Today is so windy that everything is blowing. I hear the chimes, and I can see the tops of the pine tree trunks bending and swaying. I filled the Bird Feeders earlier and it was chilly, all because of that wind.
It is just one of those days. I couldn’t get into my computer because I kept giving it the wrong password. I didn’t even remember what my hint meant so I had to go through the rigmarole of resetting the password. I walked into the kitchen to get another cup of coffee and ended up on the deck filling bird feeders. I never did get that coffee. I’m thinking I’ll use sticky notes to describe my task and where I’m going. We’re talking in the house, not on the road.
Last night I watched the Oscars. I expected to be bored, but I wasn’t. I actually enjoyed most of it. I had only seen two movies and one of then, Spotlight, won best picture. It was about the Spotlight team of the Boston Globe and its investigation into child sex abuse by Catholic clergy. One of the worst abusers, Father Shanley, was a priest in my parish. He abused some of my classmates so I had a vested interest in the movie.

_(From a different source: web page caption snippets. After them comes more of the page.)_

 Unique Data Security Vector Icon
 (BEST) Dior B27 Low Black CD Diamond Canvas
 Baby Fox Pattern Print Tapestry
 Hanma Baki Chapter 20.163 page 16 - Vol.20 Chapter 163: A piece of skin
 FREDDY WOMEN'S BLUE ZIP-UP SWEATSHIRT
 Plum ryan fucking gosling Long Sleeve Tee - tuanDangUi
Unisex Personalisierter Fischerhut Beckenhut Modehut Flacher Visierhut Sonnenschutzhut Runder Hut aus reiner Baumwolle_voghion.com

When I was a kid, I didn’t know anything about sex. I always thought that meant male or female. Fill in one circle. It never occurred to me to wonder how babies started or how they finished. I was seven when my youngest sister was born, and I don’t even think I noticed my mother was pregnant. All of a sudden there was a new baby. I forget when I started to get curious. I think it was my early teens. We were naive in those days. None of us knew much, but we had a lot of questions. When I was in the eighth grade, one of the priests gave us a quick introduction to the basics. He used the chalk board and drew pictures, but that didn’t help much.

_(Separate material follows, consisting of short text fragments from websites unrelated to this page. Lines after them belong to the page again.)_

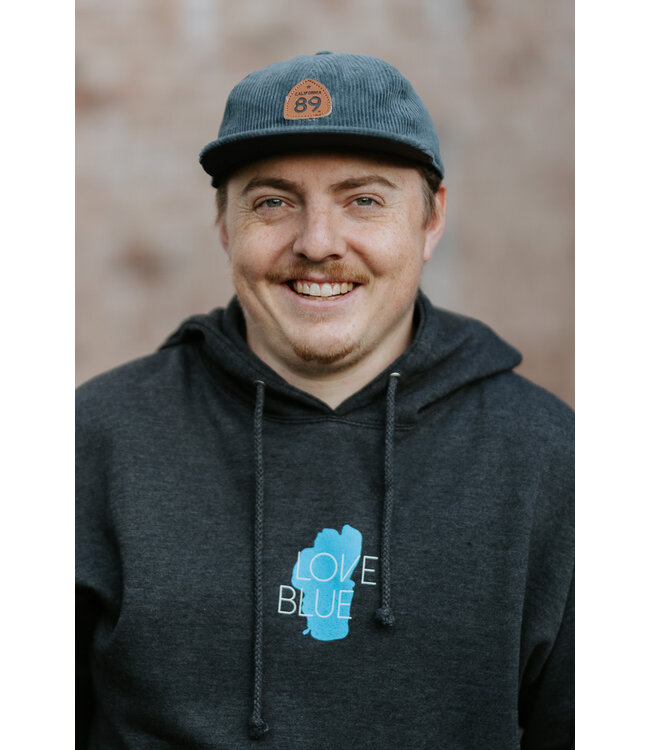 California 89 Unisex Love Blue Hooded Sweatshirt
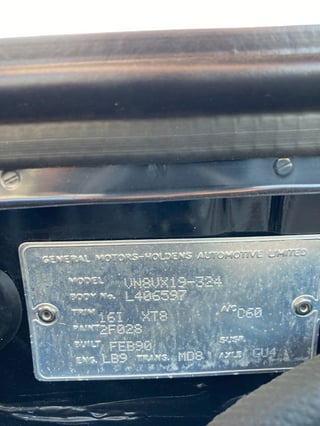 1990 VN Holden Calais 5.0 Litre V8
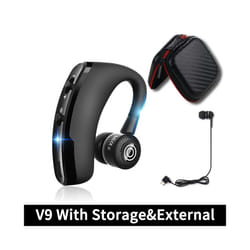 V8S/V9S Earphone Bluetooth 5.0 Business Handsfree Wireless Headphone - V9 Deluxe Edition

In high school, they separated the girls and the boys for a more in-depth introduction to reproduction. They had visual aids. I don’t remember who gave the talk, but I do remember the girl next to be was a nervous wreck. She shook so much that we all shook because we were sitting in linked canvas chairs. That was the talk where more than the basics were covered.

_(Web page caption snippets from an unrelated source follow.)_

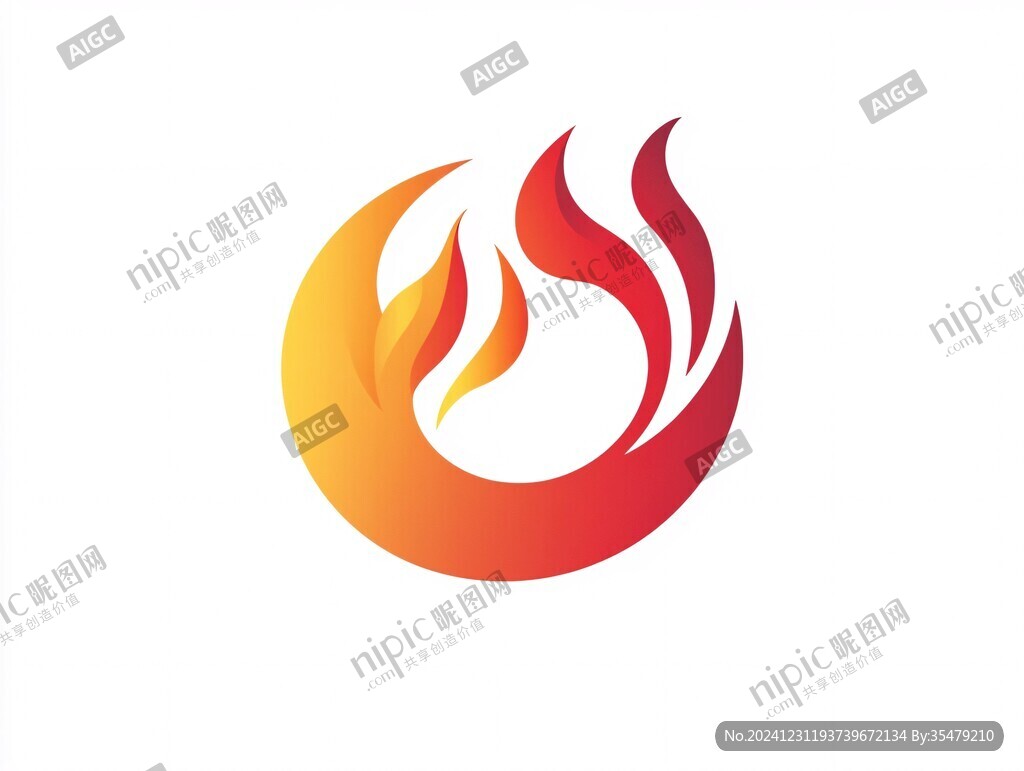 火苗火焰logo設(shè)計(jì)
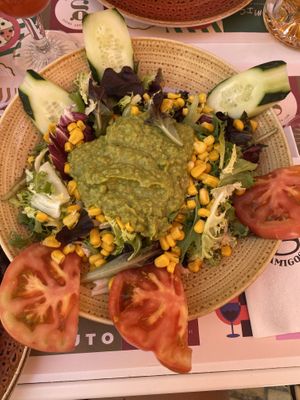 The green salad  at Amigos Malaga Centro in Malaga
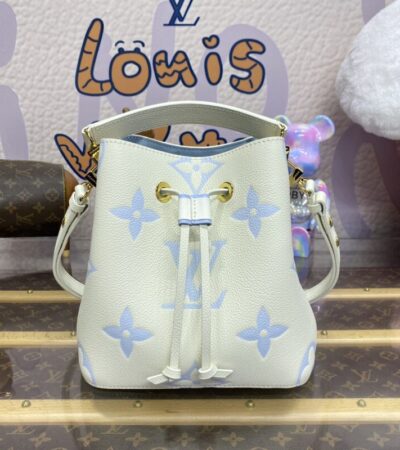 Replica Louis Vuitton NeoNoe BB  White Sky Blue - Best Fake Designer Bags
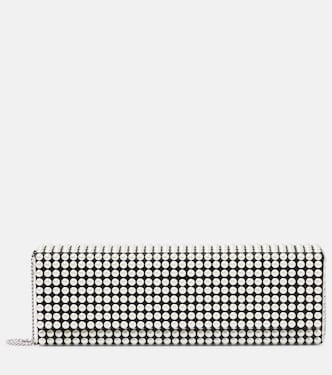 Clutch Amini Paloma con perle bijoux | Amina Muaddi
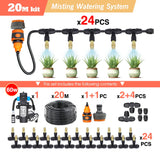 30-5M Garden Adjustable Brass Nozzle Misting Watering System 45/60/80/100W Self-Priming Pump Automatic Cool Irrigation Equipment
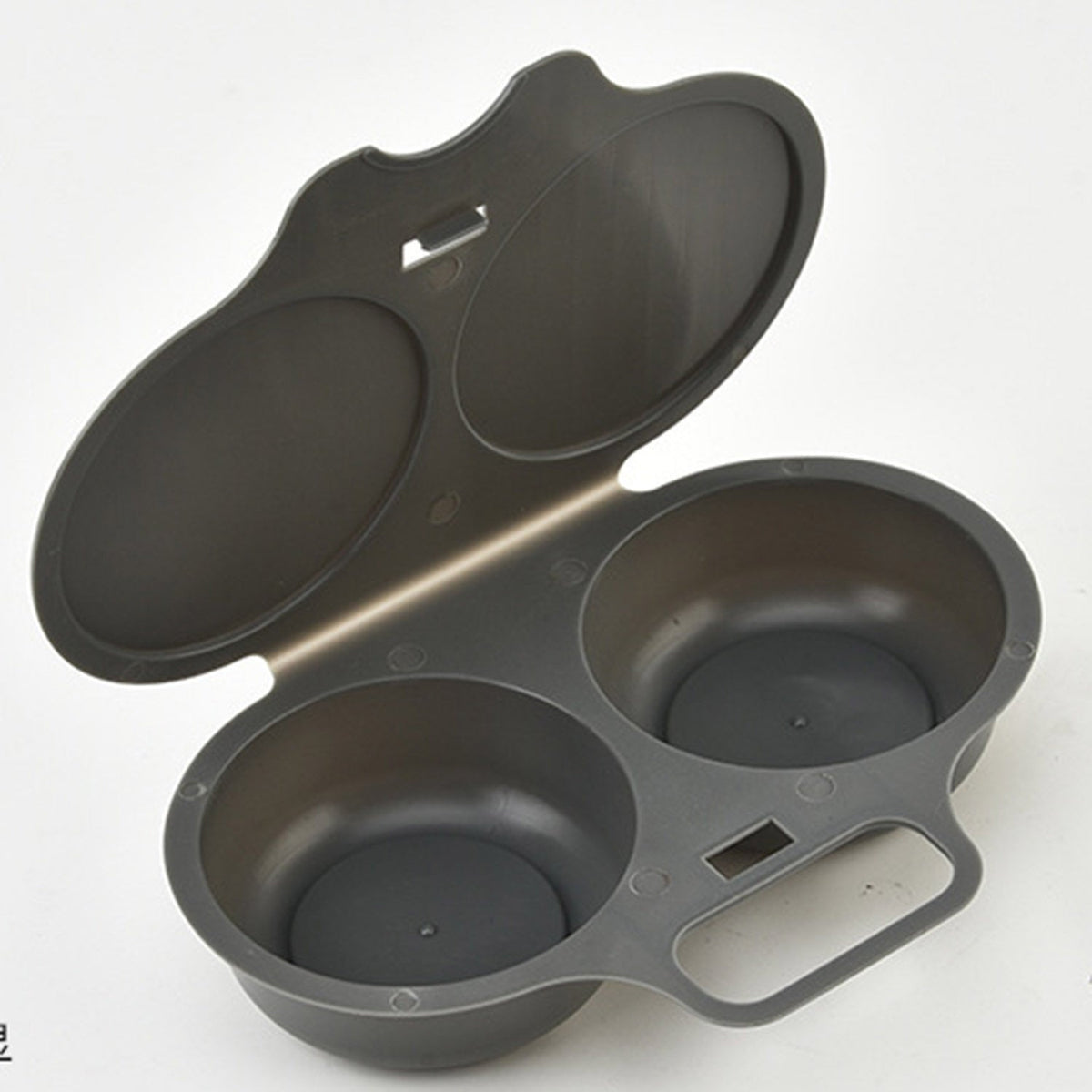 RÉDUCTION POUR UNE DURÉE LIMITÉE Cuiseur à œufs pour micro-ondes double compartiment Cuisson rapide sans huile, en PP de qualité alimentaire et polyvalent. Idéal pour les matins pressés : un petit-déjeuner sain en quelques minutes
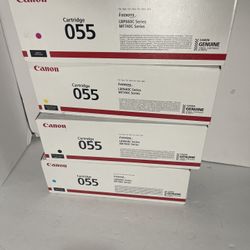 Canon 055 Black,Cyan,Magenta,Yellow Standard Capacity Toner Cartridge-New-Sealed
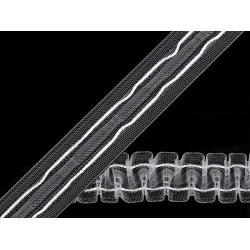 Rejansă perdele lățime 25 mm - Transparent (50 Metri)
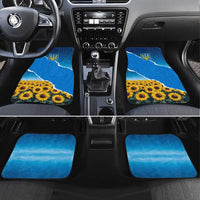 Ukraine Pride Car Mats Map, Flag & Tryzub with Sunflower Field Patriotic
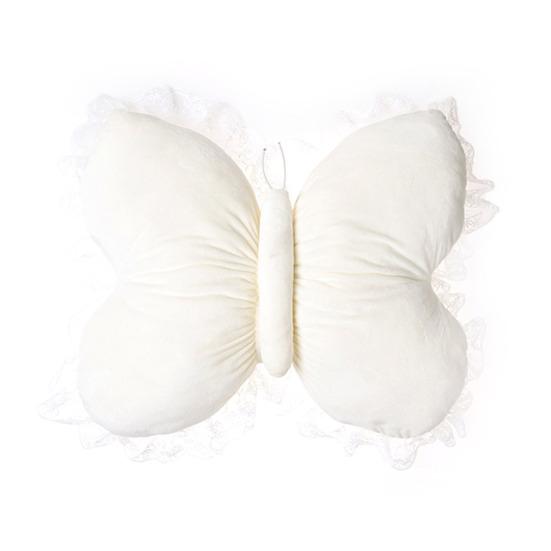 Butterfly Throw Pillow Cuddly Butterfly Pillow with Lace Ruffle Decorative Sofa Couch Pillow for Home Living Room Bedroom Decor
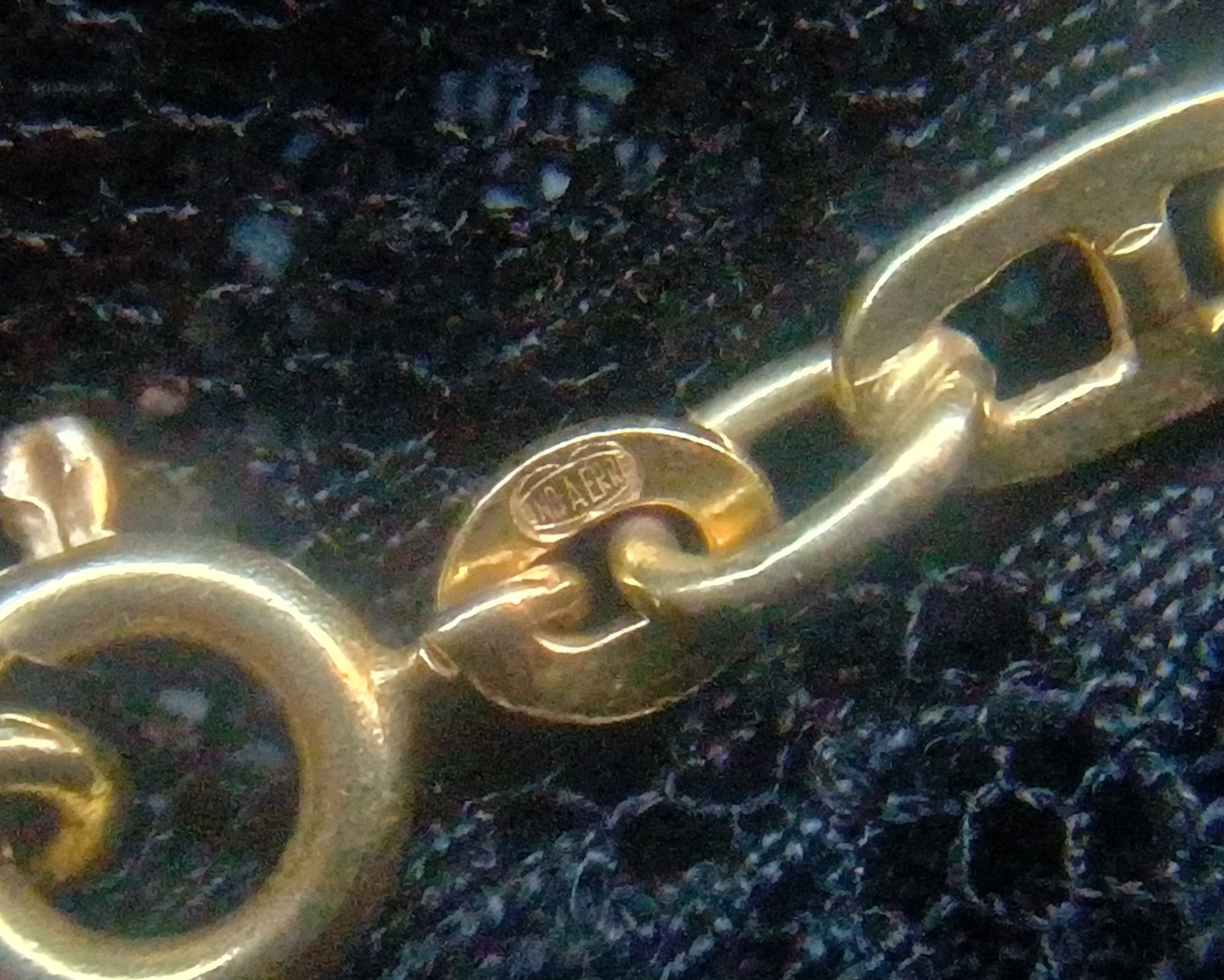 Vintage UnoAErre 18k Mariner Link Chain – 32″ Long – 30.35 Grams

In high school I didn’t know personally know anyone who had had sex. Outside of marriage only Bad Girls did was what I was taught. We did hear rumors about girls, and they were tagged with bad names like town pump. We whispered about them. We didn’t hang around with them. Nobody wanted a bad name.
Keep in mind that girls thought differently than boys. We didn’t see a triumph. We saw a bit of disgrace.
It was college and the 60’s which gave my generation a whole new perspective on sex. I’m guessing the nuns probably gave the same lecture but I’m thinking there were smirks. Besides, what in the heck did nuns know?